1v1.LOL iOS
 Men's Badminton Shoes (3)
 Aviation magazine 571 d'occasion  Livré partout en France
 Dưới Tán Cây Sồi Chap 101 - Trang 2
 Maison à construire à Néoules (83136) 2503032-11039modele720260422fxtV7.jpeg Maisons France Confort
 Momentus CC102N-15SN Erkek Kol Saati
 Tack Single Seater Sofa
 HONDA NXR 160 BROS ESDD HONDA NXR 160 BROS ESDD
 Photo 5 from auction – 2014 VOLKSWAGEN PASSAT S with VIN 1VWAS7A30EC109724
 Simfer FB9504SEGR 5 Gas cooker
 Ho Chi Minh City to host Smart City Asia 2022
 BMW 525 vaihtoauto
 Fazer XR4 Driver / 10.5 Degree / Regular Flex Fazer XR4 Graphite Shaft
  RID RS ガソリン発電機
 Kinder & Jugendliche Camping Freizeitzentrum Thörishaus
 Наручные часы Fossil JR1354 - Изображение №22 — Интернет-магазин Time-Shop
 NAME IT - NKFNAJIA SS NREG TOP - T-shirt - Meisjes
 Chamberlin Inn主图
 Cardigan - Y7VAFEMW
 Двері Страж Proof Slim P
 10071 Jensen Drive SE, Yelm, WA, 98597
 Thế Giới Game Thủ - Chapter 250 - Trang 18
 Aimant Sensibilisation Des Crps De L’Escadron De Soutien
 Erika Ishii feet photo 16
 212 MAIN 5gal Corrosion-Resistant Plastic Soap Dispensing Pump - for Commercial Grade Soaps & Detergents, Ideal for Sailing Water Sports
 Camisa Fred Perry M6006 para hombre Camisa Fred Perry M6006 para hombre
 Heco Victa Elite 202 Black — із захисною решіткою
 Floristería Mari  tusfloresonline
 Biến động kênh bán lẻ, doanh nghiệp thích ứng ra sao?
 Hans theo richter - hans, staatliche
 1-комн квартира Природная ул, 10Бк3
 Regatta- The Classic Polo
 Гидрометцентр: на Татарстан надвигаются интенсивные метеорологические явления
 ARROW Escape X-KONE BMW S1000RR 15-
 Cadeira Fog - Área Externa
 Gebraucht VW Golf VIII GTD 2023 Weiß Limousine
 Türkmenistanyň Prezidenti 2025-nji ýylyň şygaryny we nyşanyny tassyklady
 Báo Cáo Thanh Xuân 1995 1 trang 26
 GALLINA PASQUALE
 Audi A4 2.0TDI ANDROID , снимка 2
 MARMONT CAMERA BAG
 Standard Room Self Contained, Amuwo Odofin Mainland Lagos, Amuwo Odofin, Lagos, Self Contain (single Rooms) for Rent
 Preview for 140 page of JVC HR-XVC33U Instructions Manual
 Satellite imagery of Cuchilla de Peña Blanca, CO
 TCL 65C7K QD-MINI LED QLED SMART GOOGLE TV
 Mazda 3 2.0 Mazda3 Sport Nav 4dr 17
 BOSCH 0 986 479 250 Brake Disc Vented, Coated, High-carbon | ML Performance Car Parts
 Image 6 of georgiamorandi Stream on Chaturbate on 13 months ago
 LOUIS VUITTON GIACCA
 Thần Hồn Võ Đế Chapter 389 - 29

Required action: Find the string "France" in the data. Report each line it appears in.

Response to this exercise:
 Aviation magazine 571 d'occasion  Livré partout en France
 Maison à construire à Néoules (83136) 2503032-11039modele720260422fxtV7.jpeg Maisons France Confort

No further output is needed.